Tan Wah Piow (陳華彪 (陈华彪, Chén Huábiāo)) (born 1948) is a Singaporean-born British lawyer and former student leader who has lived in political exile in London, United Kingdom, since 1976. In 1987, the Singaporean government accused him of being the mastermind behind Operation Spectrum, an alleged Marxist conspiracy to overthrow the government and establish a Marxist state. This operation resulted in the arrest of over two dozen individuals. According to state media, Tan had been influenced by Marxist ideology since the early 1970s. In response to these allegations, the government revoked his citizenship in 1987. He has not returned to Singapore since his departure in 1976.

==Early beginnings==
Tan was born in Singapore in 1948. Tan was president of the University of Singapore's Students' Union (USSU) in 1974. In his time there, Tan mobilized students to become active for democracy and social justice. He was purportedly involved in an industrial dispute which led to his arrest in November 1974 for unlawful assembly and rioting. Tan had allegedly instigated workers of American Marine (Singapore) to agitate against their employers. Tan was eventually convicted and sentenced to one year's imprisonment. In his judgement, Senior District Judge Mr T.S. Sinnathuray said: "The defence of a frame-up is a miserable and mischievous attempt that had altogether, failed." "On the other hand, it has been proved to the hilt that the three accused and their witnesses have fabricated evidence to pervert the course of justice in the hope that they would succeed in creating a reasonable doubt that would entitled them an acquittal."

Tan subsequently fled to Britain with Chew Beng Lan, his future wife, in 1976 on a Singaporean passport with forged renewal endorsement and sought political asylum. He later went to Balliol College, University of Oxford to study law, and worked as a human rights lawyer who specialises in asylum and refugee cases.

==FUEMSSO==

According to unverified government statements, Tan is supposed to have continued with his political activities even though he denies this. His plan is supposed to have been to achieve political power through infiltration of mainstream organisations such as schools and unions to mobilise workers and establish strong grassroots support. To achieve that, Tan allegedly established himself as the leader of the Federation of United Kingdom and Eire Malaysian and Singapore Students' Organisations (FUEMSSO), which was used to recruit supporters for his cause.

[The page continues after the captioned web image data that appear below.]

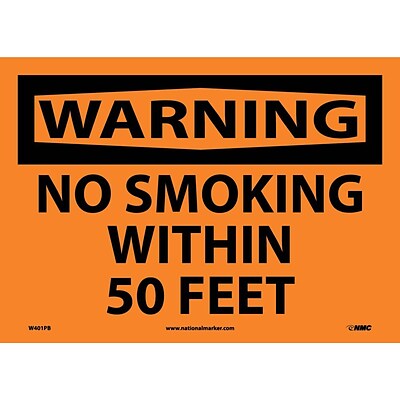 Warning Labels; No Smoking Within 50 Feet, 10X14, Adhesive Vinyl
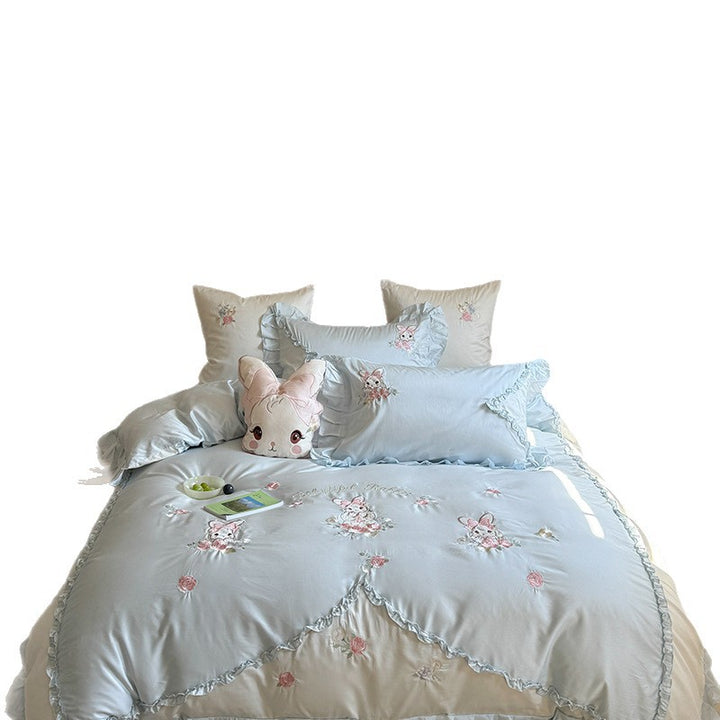 Embroidered Ruffled Cotton-Sateen Bunny Duvet Cover Set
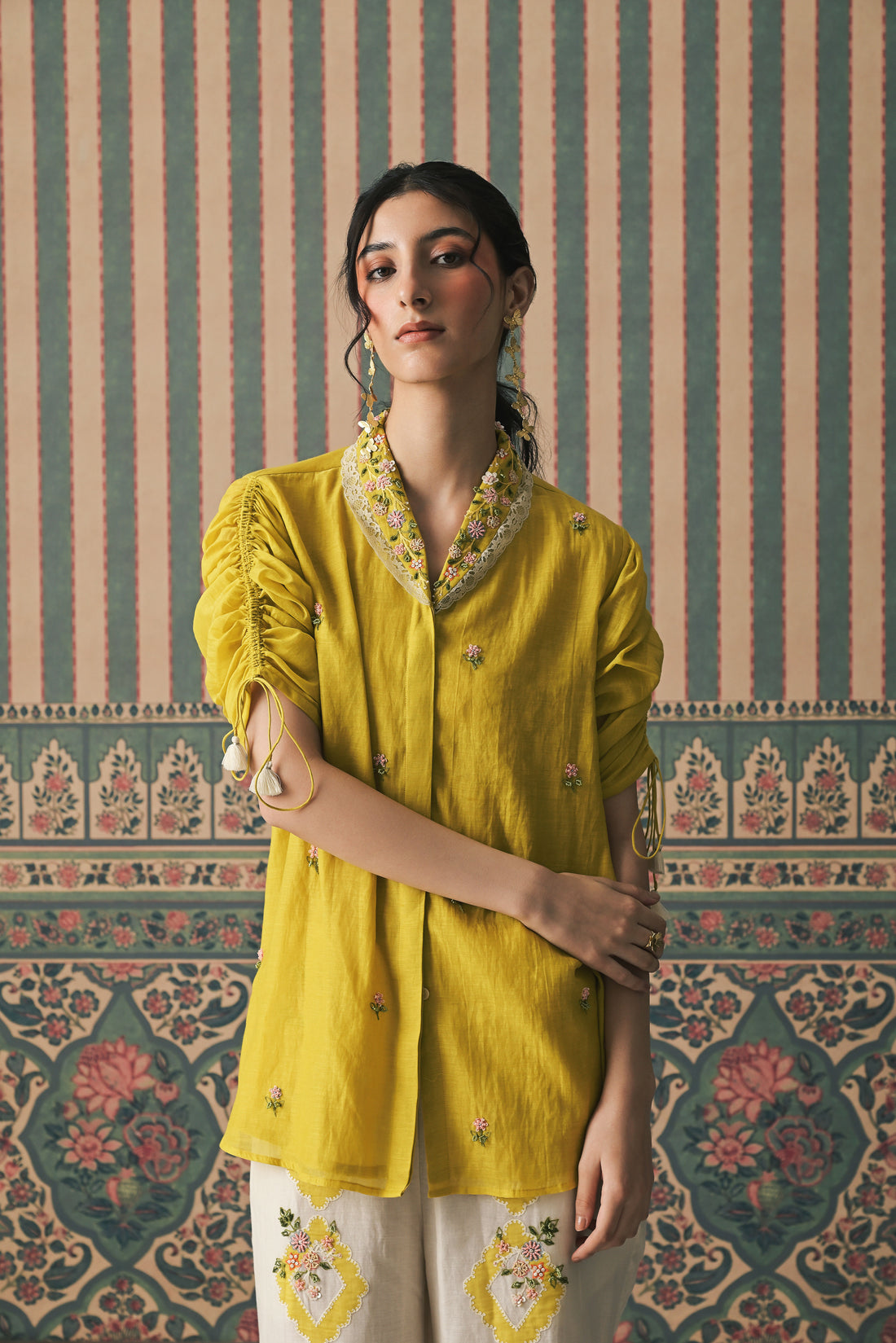 Yellow Malai Chanderi Co-Ord set (SS-546)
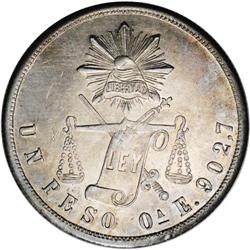 Republic Balance Scale Peso 1869-E Oaxaca, KM408.6, cho Republic Balance Scale Peso 1869-E Oaxaca, 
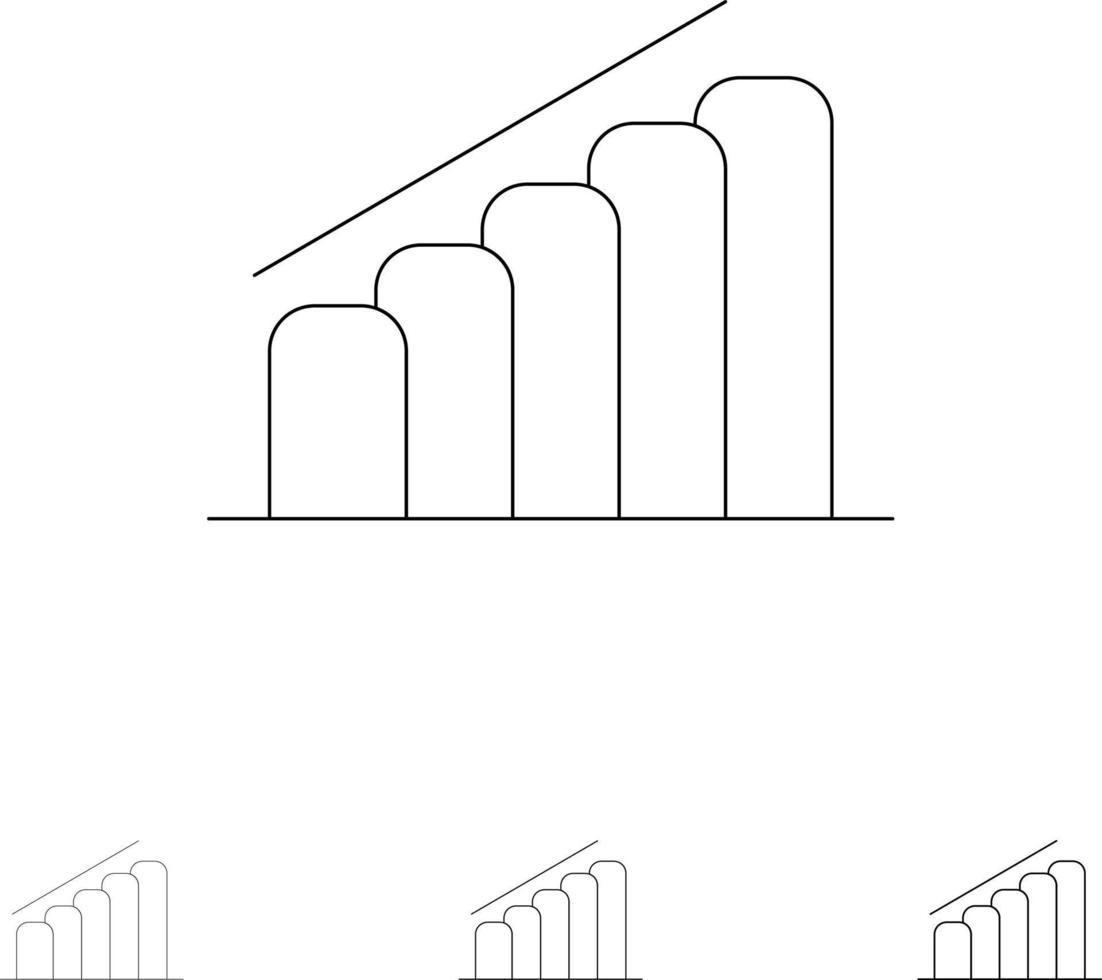 Diagramm-Fortschrittsbericht-Analyse Symbolsatz für fette und dünne schwarze Linien vektor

Through FUEMSSO, Tan succeeded in recruiting several activists for his plans. Upon their return to Singapore, these students were supposed to join forces with a local group led by Vincent Cheng (one of those detained under Operation Spectrum) to penetrate lawful organisations and eventually dominate them, in preparation for Tan's seizure of political power, according to the Singapore government.

Tan and his group also used FUEMSSO to launch a number of strident campaigns against the Singapore and Malaysian Governments. Most significantly, Tan and his group actively campaigned under detention in Singapore and Malaysia, demanding for the abolishment of detention without trial and immediate release of those under detention.

==Tan Wah Piow responds==
In his book, "Let the people judge – Confessions of the most wanted person in Singapore" published 10 June 1987, Tan Wah Piow related that, "Circumstances surrounding the call-up were most extraordinary and improper...The facts are simple. I was conscripted into the army to serve in the artillery unit on the very hour of my release from the one year sentence." He says, "I too was worried for my physical well-being since 'accidents' can easily happen in the army."

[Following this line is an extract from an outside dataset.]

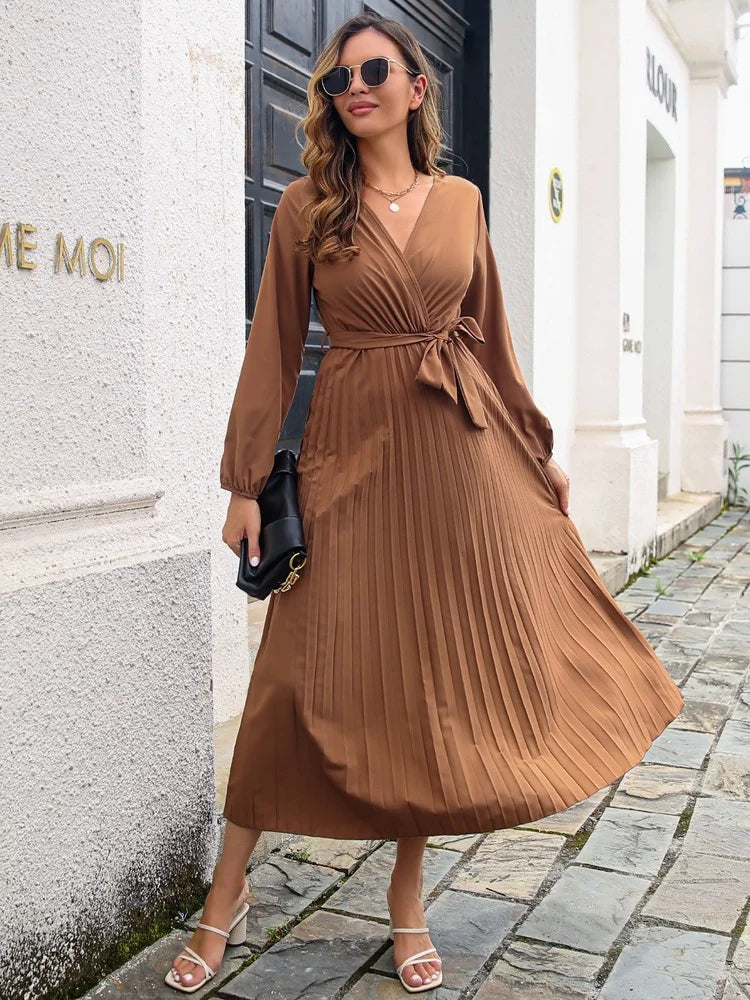 Chic V-Neck Midi Party Dress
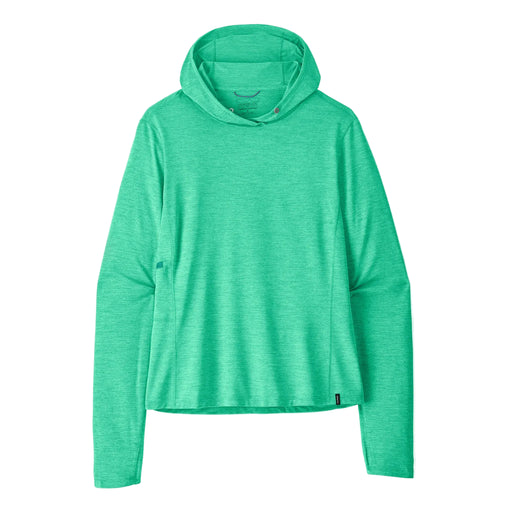 A teal hoodie on a white background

Referring to the government's charges against him, Tan said, "I have stated in no uncertain terms that I am not involved in any conspiracy to overthrow the government. I have publicly expressed my opposition to any attempt, by anyone, to set up a communist state in Singapore." "As to how we bring about the implementation of the political programmes in Singapore, I stated in no uncertain terms in my writings, letters to friends and public speeches in the United Kingdom, that I sought to bring about political change in Singapore solely through the ballot box."

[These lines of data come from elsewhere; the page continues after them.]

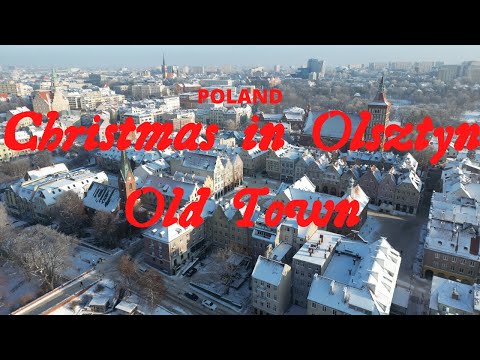 Christmas in Olsztyn Old Town - 4K drone video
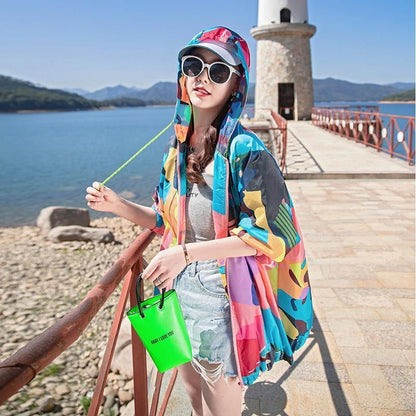 maoxiangshop Female Summer New Camouflage Thin Sun Protection Clothing Women Short Anti-Ultraviolet Korean Sun Protection Clothing
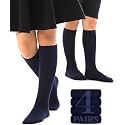 WKLOUYHE Kid's Knee High Cotton Socks for Girls Boys and Toddlers, Solid Color Long School Uniform Socks_Pack Of 04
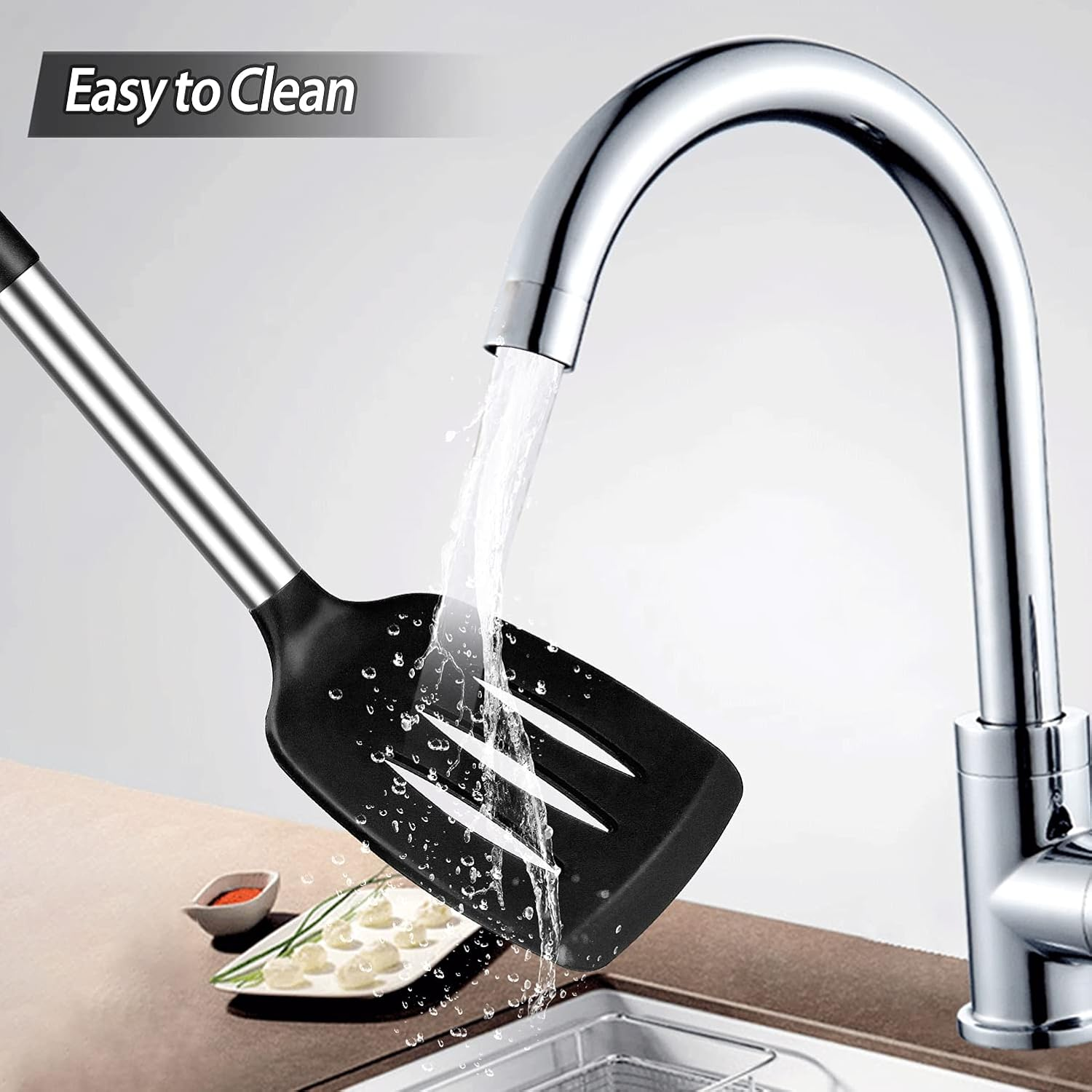 2 Pack Silicone Spatulas Turners, Stainless Steel Cooking Utensils BPA Free,Heat Resistant,Non Stick,Rubber Spatulas for Fish, Eggs, Pancakes, WOK, Black - Gray image number 2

On his one-year prison term, Tan alleged that the illegal assembly and riot which took place at the Pioneer Industries Employees Union (PIEU) headquarters in the Jurong Industrial Estate was a 'frame-up" involving Phey Yew Kok, who was then the general secretary of PIEU. He claimed that it was "union officers" themselves who smashed up their own premises at the PIEU and says that at the time of the incident, he was instead seen outside the PIEU office by a Straits Times reporter, among others.

In 2016, after Phey's conviction for criminal breach of trust in 2016, Tan wrote to the Attorney-General V. K. Rajah to quash his 1975 criminal conviction for rioting. However, AGC stated that it is unable to quash Tan's conviction as it can only be done by the Court in Singapore. The AGC also stated that Mr Tan could have appealed his conviction in 1975, which he did not.